Writing is like trying to dig to the center of the earth. It’s not long before you realize you’ll never quite reach your objective, no matter how much optimism you had when you first broke ground. Still, encouraged by the artifacts you’ve already uncovered, you resolve to keep digging. An accidental archaeologist!

The soil beneath your feet all along littered with buried treasure, at times you’re so exhilarated that you feel called to share your discoveries.

This can be a bad idea.

Early insights often age poorly. The dinosaur bone displayed proudly on your shelf can, as you slowly amass reference books on the topic, begin to resemble a discarded chicken wing. When, weeks later, you uncover a tattered KFC bucket a few layers of earth down, you quietly trash the bone and tell your friends it was stolen and that you don’t want to talk about it.

I say all this because any time I sit down to write about craft, the winds of future embarrassment creep across the back of my neck.
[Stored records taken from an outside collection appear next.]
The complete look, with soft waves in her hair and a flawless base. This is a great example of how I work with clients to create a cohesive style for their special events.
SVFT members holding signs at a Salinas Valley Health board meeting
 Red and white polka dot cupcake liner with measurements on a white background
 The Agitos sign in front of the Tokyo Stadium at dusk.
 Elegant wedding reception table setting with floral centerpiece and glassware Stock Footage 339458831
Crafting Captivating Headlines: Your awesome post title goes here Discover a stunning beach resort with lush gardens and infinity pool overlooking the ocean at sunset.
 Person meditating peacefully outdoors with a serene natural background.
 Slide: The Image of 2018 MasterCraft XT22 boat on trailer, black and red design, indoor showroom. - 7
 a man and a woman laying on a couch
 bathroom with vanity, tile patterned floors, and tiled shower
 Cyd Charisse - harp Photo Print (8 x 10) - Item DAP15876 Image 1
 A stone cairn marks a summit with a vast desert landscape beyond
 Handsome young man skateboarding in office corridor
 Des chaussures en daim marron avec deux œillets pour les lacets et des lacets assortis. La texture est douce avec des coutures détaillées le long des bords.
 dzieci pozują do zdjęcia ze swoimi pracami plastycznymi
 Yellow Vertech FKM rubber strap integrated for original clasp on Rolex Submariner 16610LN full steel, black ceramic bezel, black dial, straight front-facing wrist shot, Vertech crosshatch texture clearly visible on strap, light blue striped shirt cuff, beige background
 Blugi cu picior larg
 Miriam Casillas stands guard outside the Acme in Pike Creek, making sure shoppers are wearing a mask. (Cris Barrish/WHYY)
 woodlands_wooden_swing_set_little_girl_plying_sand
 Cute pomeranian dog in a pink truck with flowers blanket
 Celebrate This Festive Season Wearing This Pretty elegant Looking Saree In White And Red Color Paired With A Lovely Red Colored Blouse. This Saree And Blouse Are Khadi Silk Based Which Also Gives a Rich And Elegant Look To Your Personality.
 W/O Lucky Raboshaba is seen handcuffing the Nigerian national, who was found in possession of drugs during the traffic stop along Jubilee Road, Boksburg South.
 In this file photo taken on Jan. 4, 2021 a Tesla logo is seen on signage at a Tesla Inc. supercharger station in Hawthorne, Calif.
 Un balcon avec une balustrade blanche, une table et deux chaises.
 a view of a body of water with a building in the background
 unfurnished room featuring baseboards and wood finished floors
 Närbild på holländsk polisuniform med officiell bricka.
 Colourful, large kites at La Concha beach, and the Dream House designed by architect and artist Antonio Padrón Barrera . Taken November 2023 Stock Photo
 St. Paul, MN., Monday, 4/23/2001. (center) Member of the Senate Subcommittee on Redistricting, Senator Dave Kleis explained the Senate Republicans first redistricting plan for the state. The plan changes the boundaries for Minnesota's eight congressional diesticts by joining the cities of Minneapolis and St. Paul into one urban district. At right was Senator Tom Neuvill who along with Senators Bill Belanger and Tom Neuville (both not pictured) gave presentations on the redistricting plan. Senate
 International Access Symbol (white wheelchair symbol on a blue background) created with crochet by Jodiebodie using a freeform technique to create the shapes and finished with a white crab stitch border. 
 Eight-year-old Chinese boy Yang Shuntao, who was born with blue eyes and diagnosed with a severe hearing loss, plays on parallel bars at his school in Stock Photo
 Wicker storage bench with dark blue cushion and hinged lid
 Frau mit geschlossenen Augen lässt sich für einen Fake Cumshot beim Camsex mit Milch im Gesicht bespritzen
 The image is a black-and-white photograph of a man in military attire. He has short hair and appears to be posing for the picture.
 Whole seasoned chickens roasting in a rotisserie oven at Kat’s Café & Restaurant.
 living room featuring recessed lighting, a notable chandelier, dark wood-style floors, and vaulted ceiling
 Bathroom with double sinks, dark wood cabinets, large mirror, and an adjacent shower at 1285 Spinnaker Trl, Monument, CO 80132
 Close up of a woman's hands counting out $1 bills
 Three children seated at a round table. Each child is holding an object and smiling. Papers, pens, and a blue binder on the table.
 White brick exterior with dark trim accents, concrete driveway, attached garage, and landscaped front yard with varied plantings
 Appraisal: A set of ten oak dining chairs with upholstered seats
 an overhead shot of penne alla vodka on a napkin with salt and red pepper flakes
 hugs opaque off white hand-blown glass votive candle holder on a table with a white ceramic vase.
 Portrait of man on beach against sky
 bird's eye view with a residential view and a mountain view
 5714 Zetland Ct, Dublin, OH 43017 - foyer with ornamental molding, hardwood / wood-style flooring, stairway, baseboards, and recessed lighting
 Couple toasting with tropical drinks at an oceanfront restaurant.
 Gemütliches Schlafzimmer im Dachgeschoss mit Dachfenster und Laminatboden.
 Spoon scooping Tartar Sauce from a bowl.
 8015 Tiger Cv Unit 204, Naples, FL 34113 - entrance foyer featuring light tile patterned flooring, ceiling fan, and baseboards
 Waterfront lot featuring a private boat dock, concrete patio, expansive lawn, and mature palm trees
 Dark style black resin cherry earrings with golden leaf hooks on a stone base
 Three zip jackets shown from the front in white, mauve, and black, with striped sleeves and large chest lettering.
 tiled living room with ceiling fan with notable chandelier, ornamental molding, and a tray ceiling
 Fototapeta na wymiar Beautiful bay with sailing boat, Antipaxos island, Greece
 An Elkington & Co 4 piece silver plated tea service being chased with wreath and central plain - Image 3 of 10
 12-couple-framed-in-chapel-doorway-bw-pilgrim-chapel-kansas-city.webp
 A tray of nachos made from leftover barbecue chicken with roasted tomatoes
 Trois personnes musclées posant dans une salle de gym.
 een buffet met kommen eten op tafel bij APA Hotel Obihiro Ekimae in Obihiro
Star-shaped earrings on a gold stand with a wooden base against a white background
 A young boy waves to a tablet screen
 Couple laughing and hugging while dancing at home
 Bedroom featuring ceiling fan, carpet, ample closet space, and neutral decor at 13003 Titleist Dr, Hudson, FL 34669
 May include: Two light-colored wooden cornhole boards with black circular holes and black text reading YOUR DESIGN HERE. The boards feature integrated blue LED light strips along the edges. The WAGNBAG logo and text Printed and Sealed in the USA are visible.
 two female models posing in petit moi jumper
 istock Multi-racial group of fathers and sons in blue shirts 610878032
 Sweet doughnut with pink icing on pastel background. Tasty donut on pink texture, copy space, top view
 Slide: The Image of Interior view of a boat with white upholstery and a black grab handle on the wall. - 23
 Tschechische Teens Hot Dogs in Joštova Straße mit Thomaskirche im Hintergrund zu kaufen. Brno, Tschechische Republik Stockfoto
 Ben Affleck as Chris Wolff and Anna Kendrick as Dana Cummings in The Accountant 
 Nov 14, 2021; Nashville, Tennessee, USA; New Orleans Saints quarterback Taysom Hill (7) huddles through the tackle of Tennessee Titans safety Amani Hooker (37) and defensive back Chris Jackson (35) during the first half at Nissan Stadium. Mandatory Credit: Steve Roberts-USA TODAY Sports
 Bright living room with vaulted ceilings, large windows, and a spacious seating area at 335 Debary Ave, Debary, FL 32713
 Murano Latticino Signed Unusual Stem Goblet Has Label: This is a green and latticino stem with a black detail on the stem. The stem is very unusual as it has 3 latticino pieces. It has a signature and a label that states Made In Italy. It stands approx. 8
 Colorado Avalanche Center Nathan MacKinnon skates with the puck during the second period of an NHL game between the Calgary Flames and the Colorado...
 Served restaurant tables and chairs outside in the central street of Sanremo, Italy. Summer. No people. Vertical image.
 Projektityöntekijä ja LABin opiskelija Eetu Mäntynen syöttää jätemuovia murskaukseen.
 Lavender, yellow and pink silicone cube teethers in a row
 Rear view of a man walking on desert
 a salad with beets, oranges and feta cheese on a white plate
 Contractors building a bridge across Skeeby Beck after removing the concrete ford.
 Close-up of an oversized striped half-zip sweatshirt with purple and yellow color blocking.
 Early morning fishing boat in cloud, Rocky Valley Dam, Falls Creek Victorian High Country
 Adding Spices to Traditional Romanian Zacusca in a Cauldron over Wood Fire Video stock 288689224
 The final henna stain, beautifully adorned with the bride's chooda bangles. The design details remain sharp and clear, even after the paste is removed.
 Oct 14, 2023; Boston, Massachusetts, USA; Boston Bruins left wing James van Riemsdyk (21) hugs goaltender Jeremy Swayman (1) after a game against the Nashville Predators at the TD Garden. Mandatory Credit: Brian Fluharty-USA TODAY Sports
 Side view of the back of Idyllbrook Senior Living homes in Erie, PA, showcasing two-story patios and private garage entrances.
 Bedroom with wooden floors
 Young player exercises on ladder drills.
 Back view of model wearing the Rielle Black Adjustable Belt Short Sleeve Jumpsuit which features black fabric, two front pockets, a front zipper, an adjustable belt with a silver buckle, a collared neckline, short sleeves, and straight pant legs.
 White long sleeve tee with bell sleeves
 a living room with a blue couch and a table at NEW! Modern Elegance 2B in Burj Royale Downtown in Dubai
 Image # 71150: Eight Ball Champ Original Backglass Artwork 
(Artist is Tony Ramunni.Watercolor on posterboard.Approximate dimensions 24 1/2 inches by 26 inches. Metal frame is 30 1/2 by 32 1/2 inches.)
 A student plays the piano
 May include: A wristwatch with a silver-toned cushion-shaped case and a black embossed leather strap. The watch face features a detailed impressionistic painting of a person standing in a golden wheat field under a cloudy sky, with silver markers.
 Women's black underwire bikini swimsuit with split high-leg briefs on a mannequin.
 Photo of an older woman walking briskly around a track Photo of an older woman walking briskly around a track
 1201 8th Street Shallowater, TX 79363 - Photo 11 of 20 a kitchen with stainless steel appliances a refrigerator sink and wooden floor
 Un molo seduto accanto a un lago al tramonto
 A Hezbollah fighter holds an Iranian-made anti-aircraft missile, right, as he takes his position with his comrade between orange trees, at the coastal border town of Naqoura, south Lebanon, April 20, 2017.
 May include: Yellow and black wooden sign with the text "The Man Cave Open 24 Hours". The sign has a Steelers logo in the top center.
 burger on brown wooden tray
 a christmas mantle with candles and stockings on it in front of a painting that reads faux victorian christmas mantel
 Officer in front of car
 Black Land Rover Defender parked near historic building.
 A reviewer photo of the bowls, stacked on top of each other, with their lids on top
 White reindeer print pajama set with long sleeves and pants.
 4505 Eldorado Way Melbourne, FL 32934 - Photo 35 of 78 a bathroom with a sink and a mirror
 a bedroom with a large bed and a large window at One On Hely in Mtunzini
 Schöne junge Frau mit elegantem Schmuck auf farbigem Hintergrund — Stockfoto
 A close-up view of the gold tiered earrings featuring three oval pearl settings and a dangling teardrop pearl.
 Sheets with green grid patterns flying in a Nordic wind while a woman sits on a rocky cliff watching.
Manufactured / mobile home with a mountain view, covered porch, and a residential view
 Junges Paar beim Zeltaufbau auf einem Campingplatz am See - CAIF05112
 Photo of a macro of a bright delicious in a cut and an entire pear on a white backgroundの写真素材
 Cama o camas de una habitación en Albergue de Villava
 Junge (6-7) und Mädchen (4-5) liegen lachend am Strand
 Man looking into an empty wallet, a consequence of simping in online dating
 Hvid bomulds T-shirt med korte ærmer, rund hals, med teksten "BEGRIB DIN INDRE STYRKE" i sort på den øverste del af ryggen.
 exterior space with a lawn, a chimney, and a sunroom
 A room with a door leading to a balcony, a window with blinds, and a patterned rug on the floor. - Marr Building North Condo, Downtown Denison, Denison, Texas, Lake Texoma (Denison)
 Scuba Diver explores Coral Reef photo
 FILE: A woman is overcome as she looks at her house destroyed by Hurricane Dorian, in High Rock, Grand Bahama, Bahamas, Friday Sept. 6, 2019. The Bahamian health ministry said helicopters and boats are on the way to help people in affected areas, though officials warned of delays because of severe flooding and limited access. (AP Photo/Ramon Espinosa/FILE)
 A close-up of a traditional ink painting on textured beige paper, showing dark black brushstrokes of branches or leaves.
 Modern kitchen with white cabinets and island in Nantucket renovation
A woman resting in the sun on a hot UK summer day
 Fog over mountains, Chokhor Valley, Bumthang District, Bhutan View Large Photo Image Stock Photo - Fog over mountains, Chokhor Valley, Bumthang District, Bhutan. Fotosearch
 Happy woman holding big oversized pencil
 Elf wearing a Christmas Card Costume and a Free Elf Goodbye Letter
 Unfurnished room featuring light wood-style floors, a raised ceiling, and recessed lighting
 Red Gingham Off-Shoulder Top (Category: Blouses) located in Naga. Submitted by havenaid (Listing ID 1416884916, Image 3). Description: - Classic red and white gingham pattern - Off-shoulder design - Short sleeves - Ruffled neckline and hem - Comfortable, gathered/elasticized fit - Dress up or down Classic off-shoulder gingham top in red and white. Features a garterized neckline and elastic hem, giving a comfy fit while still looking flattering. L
In the long run, I think it’s better to share without shame – but it’s nonetheless good to acknowledge the absurdity implicit in a relative novice doling out advice on any subject, not least of all the (cue angelic chorus) “Craft of Writing.”

Self-protection aside, I’ve collected enough of these “paradoxes” from mentors, teachers, and my own experimentation that I feel compelled to put them down somewhere. They’re not all proper contradictions – some are merely counterintuitive (to me at least). If I were a better writer I’d come up with a better title. As it stands, “The Paradoxes of Writing” had a nice ring to it.

The Paradoxes of Writing

  1. To write well, you must first write poorly.
  2. Complex is crude. Simple is sophisticated.
  3. Progress comes rarely from the addition of good ideas, and frequently from the removal of bad ones.
  4. “Better” is your only goalpost, and you’ll never hit it.
  5. You may have written it, but it belongs to the reader.
  6. To develop your voice, exercise your ear.
  7. Don’t cling to your opinions – nobody cares. (But never them go – they’re all you have).
  8. Hope leads inevitably to despair.
  9. If it ain’t true, it had better be honest.
  10. The masters are nothing more than absurdly good at the basics.

These are in no particular order. I hope to add items to this list as time goes on. And those which I later discover to be chicken bones, I vow to quietly remove.